Mais B. J. est un farouche et opiniâtre adversaire que Tancrède ARDANT ne parvient pas à semer. Celui-ci le poursuit jusque dans les rues de Kruja.
En désespoir de cause, Tancrède ARDANT trouve refuge dans le palais de Ouloug bey, un riche et cruel trafiquant de drogue.
Et personne n’échappe aux griffes de l’abominable Ouloug bey...
TANCRÈDE
CHEZ SKANDERBEG
Par
Frédéric SIPLINE
CHAPITRE PREMIER
Le « Citta di Bari » donna trois coups de sirène et laissa derrière lui la vieille Bari endormie entre ses remparts roses et le somptueux « bord de mer » constitué par les immenses édifices construits par l'administration fasciste.
L'antique cathédrale San Nicola où coule périodiquement la miraculeuse transpiration du Saint dans sa crypte s'effaça dans la nuit bleue et Tancrède, avec un soupir, s'abandonna au mou bercement de la houle adriatique.

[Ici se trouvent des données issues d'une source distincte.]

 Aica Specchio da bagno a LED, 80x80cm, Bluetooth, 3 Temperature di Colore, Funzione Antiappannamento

— Ouf... cette fois, me voici sauvé !
Il jeta un coup d'œil sur ses quatre compagnons étendus comme lui sur le pont encore chaud qui tressautait sous le halètement rythmé des machines.

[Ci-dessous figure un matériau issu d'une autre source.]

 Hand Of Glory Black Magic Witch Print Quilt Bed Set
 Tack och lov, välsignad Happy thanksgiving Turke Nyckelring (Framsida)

Ces compagnons ne payaient pas de mine. Quatre hères loqueteux qui s'étaient déjà roulés dans leurs manteaux troués et qui dormaient paisiblement sous la lune tôt levée.

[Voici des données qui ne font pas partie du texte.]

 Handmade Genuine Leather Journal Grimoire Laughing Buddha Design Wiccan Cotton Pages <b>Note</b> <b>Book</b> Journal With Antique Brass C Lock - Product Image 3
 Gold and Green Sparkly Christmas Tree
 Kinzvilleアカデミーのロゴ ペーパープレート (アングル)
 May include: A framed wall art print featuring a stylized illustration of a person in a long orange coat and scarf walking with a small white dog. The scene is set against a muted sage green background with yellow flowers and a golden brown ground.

La mer miroitait comme une immense nappe de lait phosphorescente qui s'étendait doucement jusqu'à un vague horizon.
Trois fois par semaine, le « Citta di Bari » faisait ce même voyage – Bari-Durazzo – joignant en une nuit la vieille cité italienne à la côte désolée de l'Albanie, mais c'était la première fois que Tancrède effectuait cette traversée.
Voyage impromptu s'il en fut !
Après d'incroyables aventures, Tancrède Ardant avait à Paris, retour d'Espagne où son aventureux destin l'avait mené, retrouvé sur sa route son éternel ennemi, son ennemi personnel : le policier B. J. van Goitsenhoven de la Sûreté de Paris. Depuis des années Tancrède Ardant échappait à la poursuite inlassable du policier fameux et cette fois encore, il avait été bien près d'être appréhendé par lui.
Penché sur le bastingage, il murmura en se souriant à lui-même :
— Sacré B. J., je t'aime bien... Mais de là à me faire pincer pour te faire plaisir, il y a loin !
Il réfléchit encore et dit enfin en se secouant :
— Pourtant, cela a été tout juste. À Rome... il était moins cinq.
Et Tancrède revivait ces minutes. Devant l'hôtel « Flora », la grosse voiture noire qui s'arrête, dont cinq hommes sortent en trombe, suivis de la lourde silhouette de van Goitsenhoven, plus familièrement appelé B. J. par ses amis et ses ennemis.
Tancrède qui déjeune seul dans sa chambre ensoleillée, a juste le temps, à travers la croisée grande ouverte par où entrent les effluves et les cris de la capitale italienne, d'apercevoir son éternel poursuivant, de se lever précipitamment de table et de fuir en emportant pour tout potage une grappe de raisin. Sa valise bouclée, il est déjà tout en haut du grand escalier de marbre lorsque B. J. entre dans la chambre vide où le repas est tout servi.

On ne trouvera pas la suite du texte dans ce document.